#### [DATASET EXCERPT]
▶

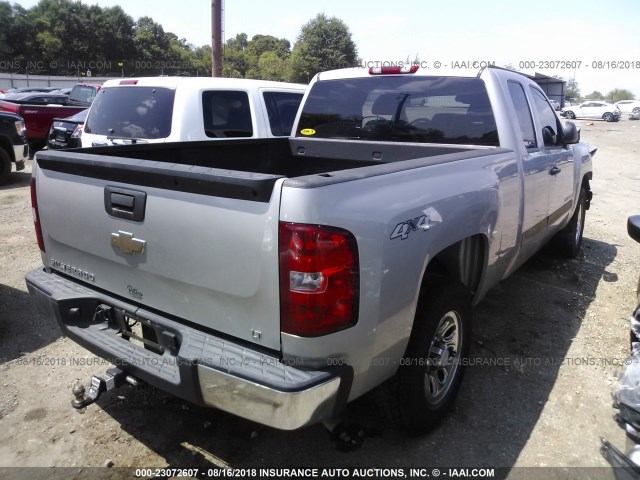 2GCEK19C881271990 - 2008 CHEVROLET SILVERADO K1500 SILVER photo 4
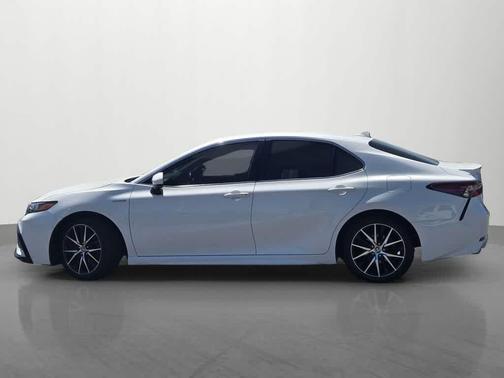 Super White 2021 Toyota Camry Hybrid SE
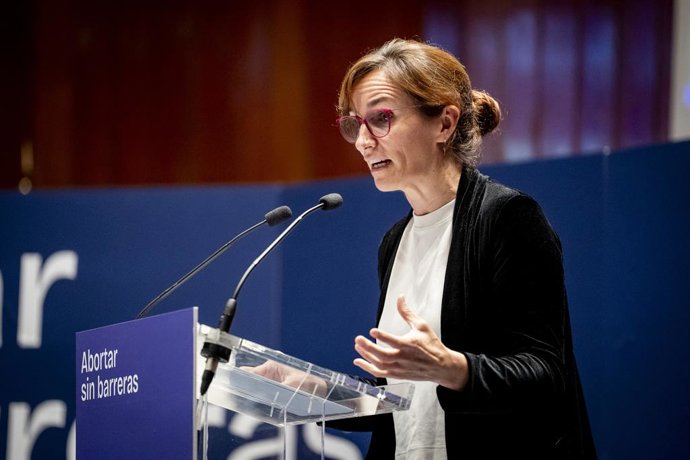 La ministra de Sanidad, Mónica García, interviene durante el acto ‘Abortar sin barreras: del reconocimiento del derecho a la garantía efectiva del acceso’, en la sede del Ministerio de Sanidad, a 28 de septiembre de 2026, en Madrid (España). El acto se ce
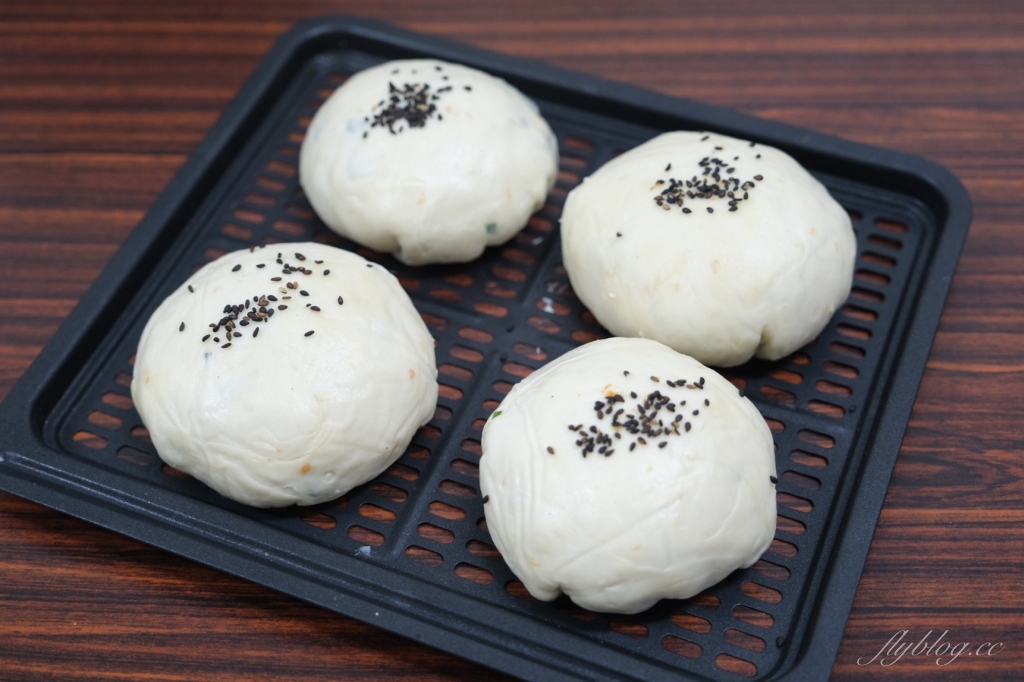 【食譜分享】義美蔥油餅胡椒餅食譜 用義美蔥油餅氣炸做法 夜市胡椒餅直接上桌 @飛天璇的口袋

◀

#### [EXERCISE INSTRUCTIONS]
Return the whole listing word for word. Pictures stay out of it.

#### [EXERCISE OUTPUT]
 2GCEK19C881271990 - 2008 CHEVROLET SILVERADO K1500 SILVER photo 4
 Super White 2021 Toyota Camry Hybrid SE
 La ministra de Sanidad, Mónica García, interviene durante el acto ‘Abortar sin barreras: del reconocimiento del derecho a la garantía efectiva del acceso’, en la sede del Ministerio de Sanidad, a 28 de septiembre de 2026, en Madrid (España). El acto se ce
 【食譜分享】義美蔥油餅胡椒餅食譜 用義美蔥油餅氣炸做法 夜市胡椒餅直接上桌 @飛天璇的口袋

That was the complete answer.